Monthly Review - February

Friday 4th March 2016, 12:14pm

Monthly Summary February 2016

Interest Rates - Comments

RBNZ Governor Wheeler acknowledged that a lower OCR may be needed over the coming year, though they look to be on hold for now. OCR at 2.5% there is still scope for it to move lower with expectations of 50bps of cuts through till the end of the year, and for the OCR to remain on hold for most of 2017.

While additional OCR cuts from RBNZ could see mortgage rates fall, increases in global funding costs are pointing to higher rates.   We are still a savings deficient nation; however banks are less reliant on offshore mortgage rates than they were prior to the GFC.
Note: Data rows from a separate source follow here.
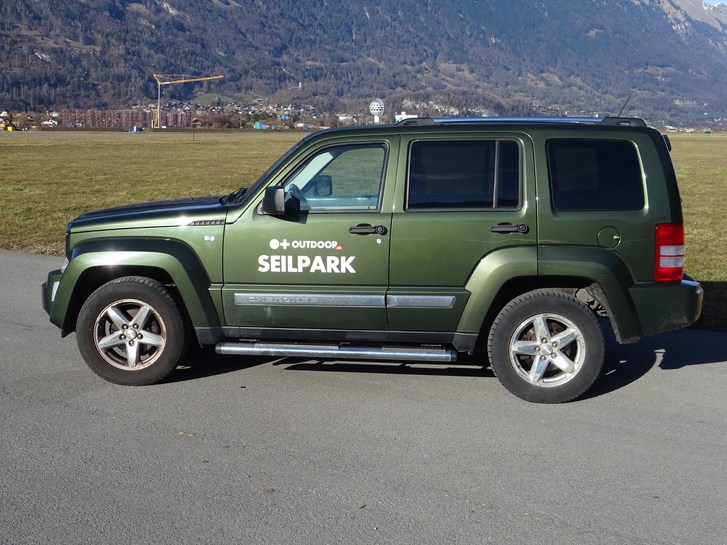 Jeep Cherokee 3.7 V6 Limited Jeep Jeep Cherokee 3.7 V6 Limited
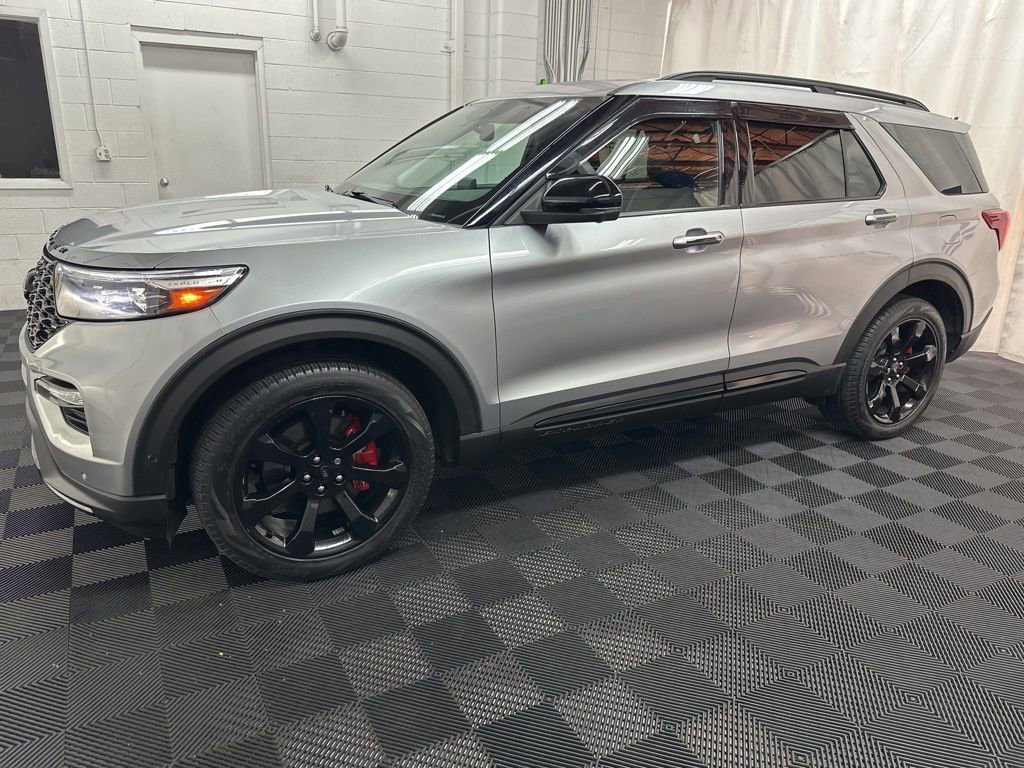 Used 2022 Ford Explorer ST w/ Equipment Group 401A AWD/4WD image 5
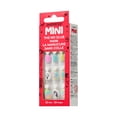 thumbnail image 3 of KISS imPRESS Kids - Berry Best, Multicolor, Squoval, Kids Nails, 3 of 16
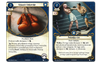 HORROR W ARKHAM LCG: NATHANIEL CHO - początkowa talia badacza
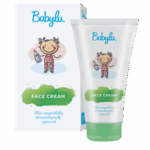 Babylu Face Cream - Kem bảo vệ da mặt cho trẻ sơ sinh và trẻ nhỏ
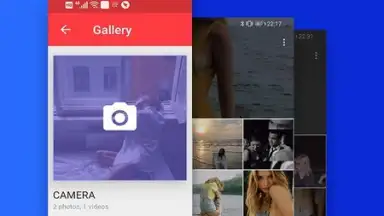 Capture d'écran de App Hider 2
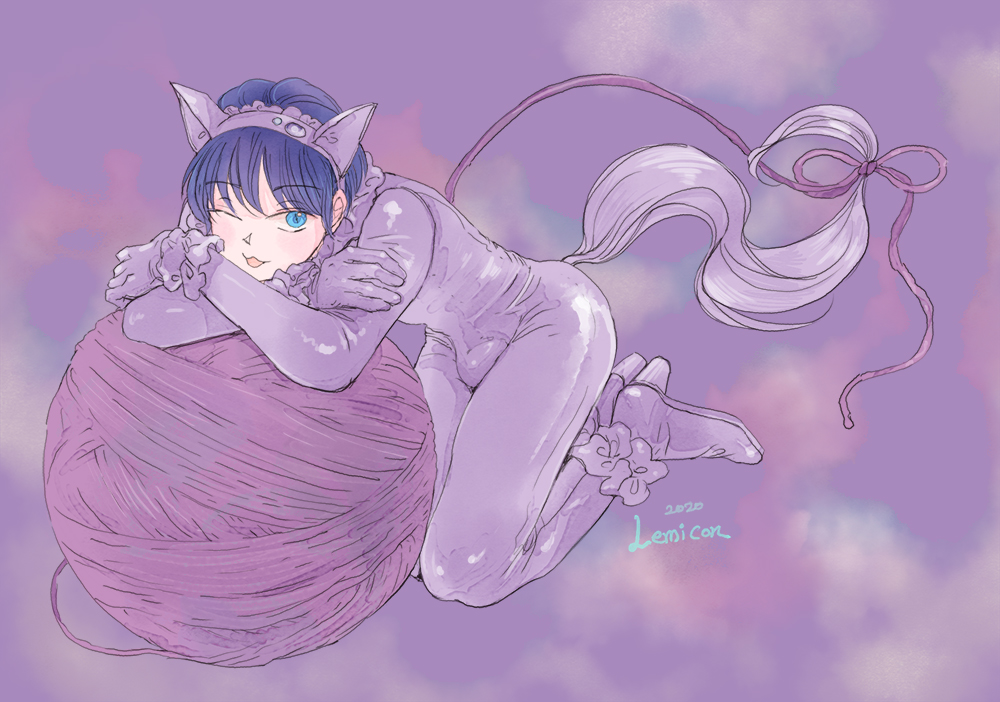 夢猫🧶
https://t.co/evU1QqRvHr 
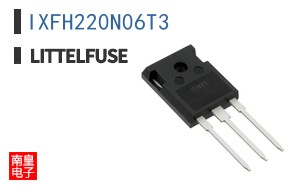 IXFH220N06T3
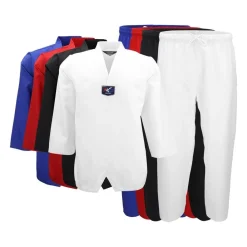 Student Ribbed Uniform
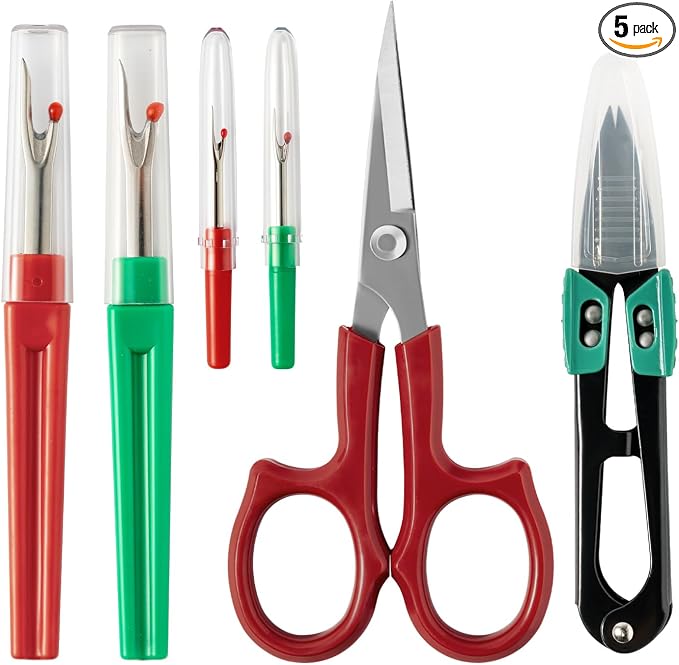Thread Cutter Tool 5 Pcs by Damita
Next OCR review is 10 March 2016.

Property Indicators   Record-low mortgage interest rates, tight dwelling supply and booming net immigration continue to support the housing market. Nevertheless, prices remain stretched relative to both incomes and rents, particularly in our largest city, where prices have started to recede. Attention is now shifting to the regions, which are playing catch-up. Households continue to exhibit leveraging-style behaviour with borrowing outstripping income growth.
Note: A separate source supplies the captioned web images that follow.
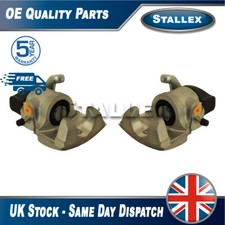 Adatto per Fiat X 1/9 1973-1989 2.0 1.3 1.5 2x Pinze Freno Posteriori Stallex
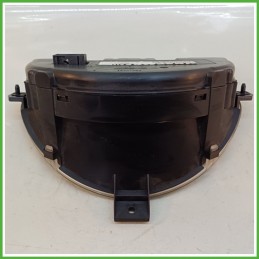 Quadro strumenti contachilometri tachimetro JOHNSON CONTROLS 28114972-6 CITROEN C3 1a Serie 1.4 6105EV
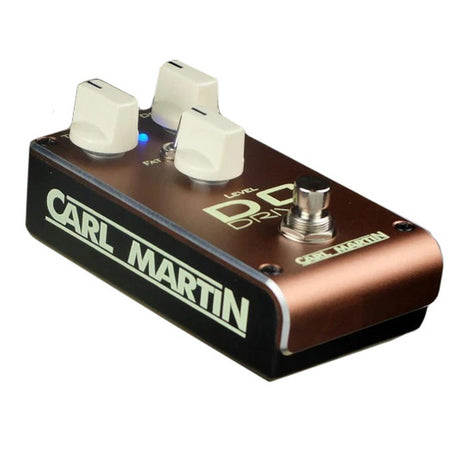 Carl Martin DC-Drive Guitar Pedal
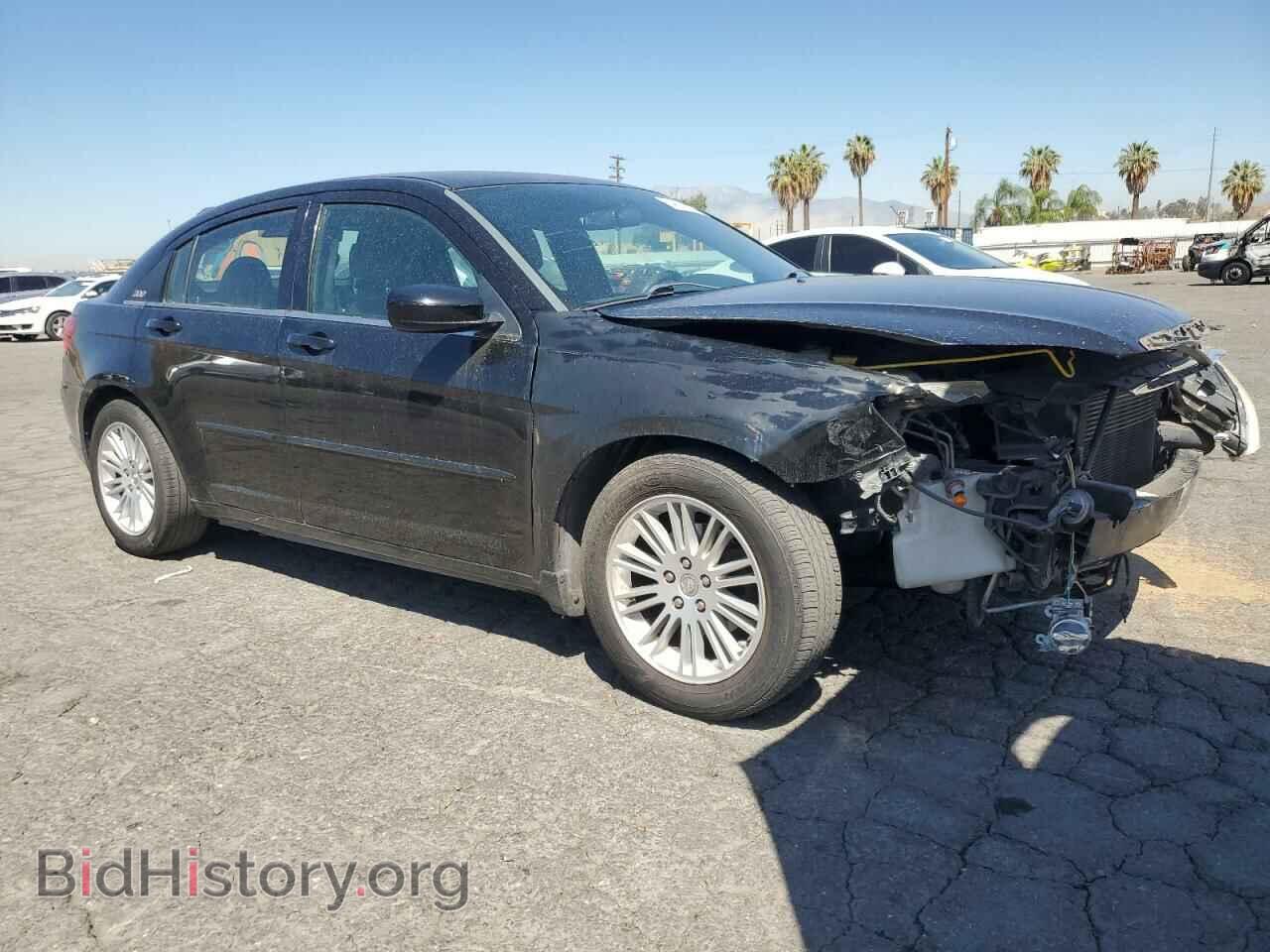 2012 CHRYSLER 200 - VIN: 1C3CCBAB6CN271379 - Фото 4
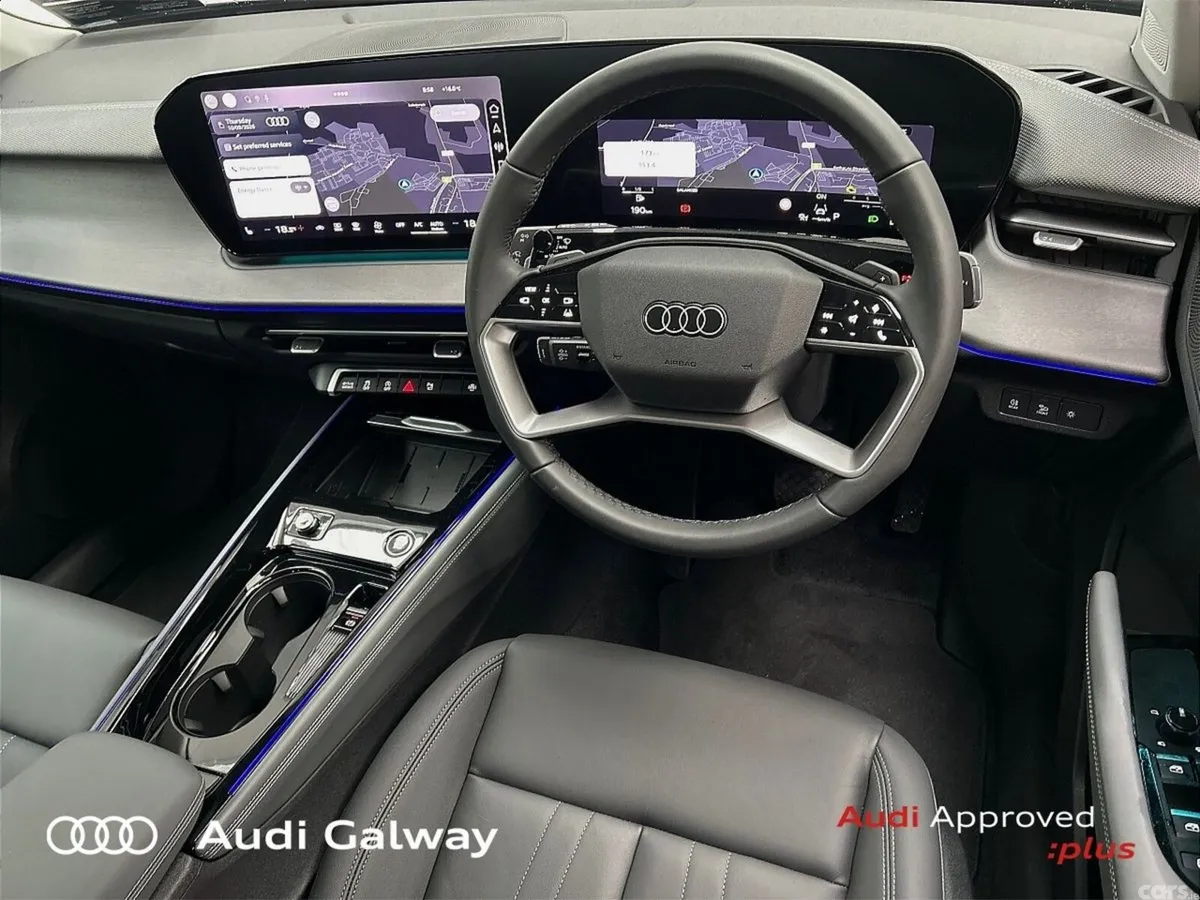 Audi Q3 SUV, Diesel, 2026, Blue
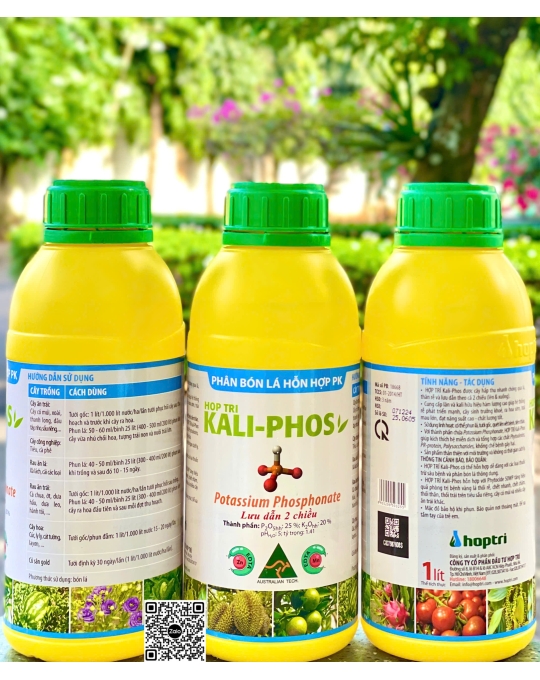 Kali Phos - 1 lít x 12 chai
Economic Check  The economy is performing well right here and now, and we generally expect respectable growth over 2016; New Zealand is more than dairying, there are other bright spots, and the economy has better structural foundations now.  The global scene; risks are elevated and weaker export prices (not just dairy) and higher global funding costs are a nasty mix for a commodity-dependent borrowing nation.

Other notes: Construction RBNZ bulletin states The Canterbury economy has proved resilient to the substantial destruction caused by the 2010 and 2011 earthquakes. The report, 'The Canterbury rebuild five years on from the Christchurch earthquake', provides an update on the economic progress made in the Canterbury rebuild.

Employment in construction has grown strongly, labour force participation in the region is higher than the rest of the country, and unemployment lower, the report’s authors say.

It is estimated that the total value of the rebuild will be $40 billion (in 2015 dollars). The rebuild is expected to continue for many years, with the reconstruction of commercial property yet to begin in earnest, anchor projects in the CBD still to be confirmed, and insurance claims yet to be settled.

As construction sector activity unwinds, other sectors will need to expand activity. In particular, activity in the tourism and education sectors remains substantially below pre-quake levels.

Information summarised from a mix of monthly reports from financial institutions.

This summary is of a general nature does not take into account your financial situation or goals and is not a personalised adviser service. Information is provided from sources that the author believes to be reliable; it is indicative and subject to change without notice.